A good test starts with a good method name, which may be subjective. At Spryker, we try to use descriptive names that describe a test does. Examples:

  • testDoSomethingShouldReturnTrueWhen…()
  • testDoSomethingShouldReturnFalseWhen…()

Three-step testing approach

A test’s method body should follow a three-step testing approach:

  1. // Arrange
  2. // Act
  3. // Assert

These inline comments give the reader of your test method a clear understanding of what exactly is happening.

Small test methods

There’re several ways to make your test methods small, easy to read and understand. When the arrange part is too big, you can use the tester class and helper classes. Move the arrange code into the generated tester class.
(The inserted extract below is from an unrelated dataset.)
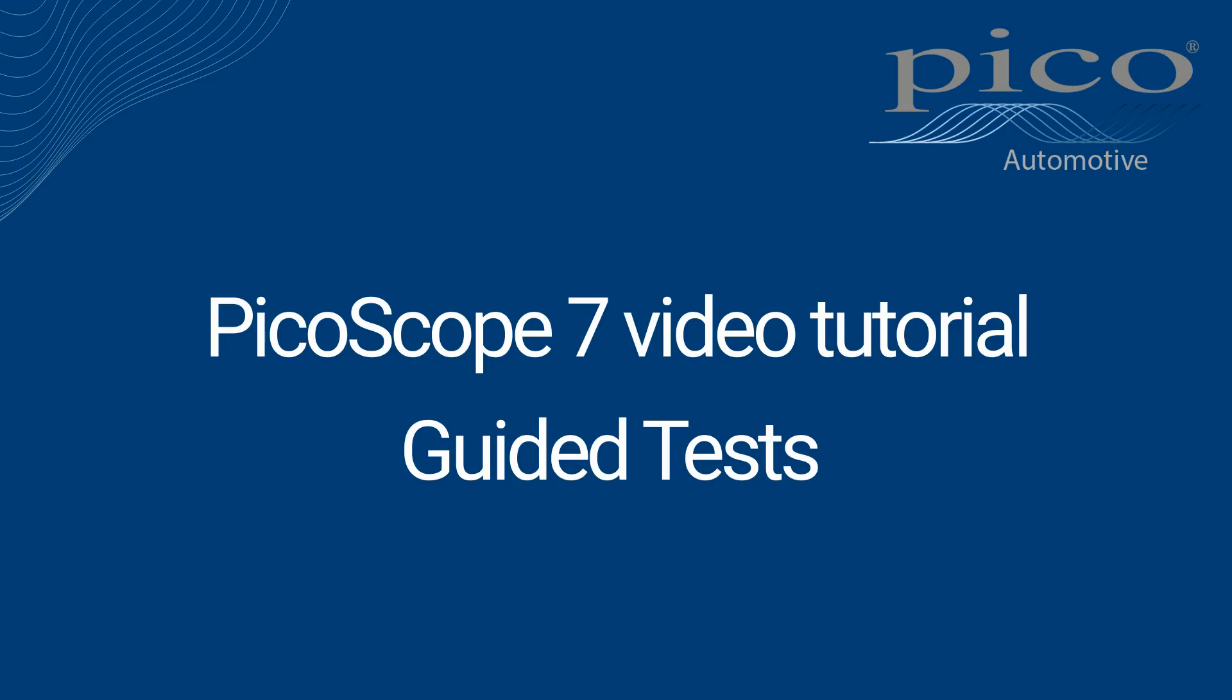Welcome to this video tutorial on the automotive guided tests. The guided tests assist you throughout your test process, saving you time in setting up your oscilloscope and finding reference waveforms, and boosting your confidence in your measurements and conclusions.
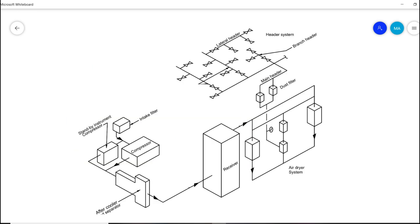This is the instrument air compressor detailed view. Let's quickly go through the different types of equipment. The system starts with an intake filter that filters atmospheric air into the compressor suction. After compression, the air goes into the cooler system, then into the receiver where compressed instrument air is stored. From there it goes into the air dryer system which removes moisture, and finally into the main header through dust filters, resulting in high-quality, moisture-free and dust-free instrument air.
If you need to use the same code in different modules, you can use helpers as described in Using Another Helper in a Helper.

For an example of code that can be used in multiple modules, see CustomerTransfer in \SprykerTest\Shared\Customer\Helper\CustomerDataHelper.

Use message argument in assert* methods

PHPUnit’s assert* methods have the ability to pass a message. For example:

$this->assertTrue($result, 'Expected that the result of doSomething is "true" but "false" was returned.');

If the test failed, you will see the passed message on the console, which should make it easier to fix the broken test.

Use as less mocks as possible

Testing single units of your application is a good approach, however, it has some drawbacks as described in the Test API section. The more you mock, the less you really test. Besides, it’s very common to forget to update mocks, which leads to even more issues in your code.

Of course, you can mock all the dependencies of a model under test, but, most likely, that just adds unneeded overhead to your test. In many cases, let’s say at least in the happy case, your code should work with the given dependencies. Testing exceptional cases very often requires mocking to be able to test the un-happy cases. In this case, you should also try to use as little mocks as possible to get the most coverage out of a few lines of test code.

Add your own testify module

It is advised to organize your tests as well. For a simpler test setup, you should at least add your own LocatorHelper, which is enabled in your project namespace by default.

namespace PyzTest\Shared\Testify\Helper;

use SprykerTest\Shared\Testify\Helper\LocatorHelper;

class ProjectLocatorHelper extends LocatorHelper
{
    /**
     * @var array
     */
    protected $config = [
        'projectNamespaces' => [
            // add your project namespaces here
        ],
        'coreNamespaces' => [
            'SprykerShop',
            'Spryker',
        ],
    ];
}

Code coverage

Running code coverage generation with XDebug is very slow. For better performance, we recommend switching to PCOV.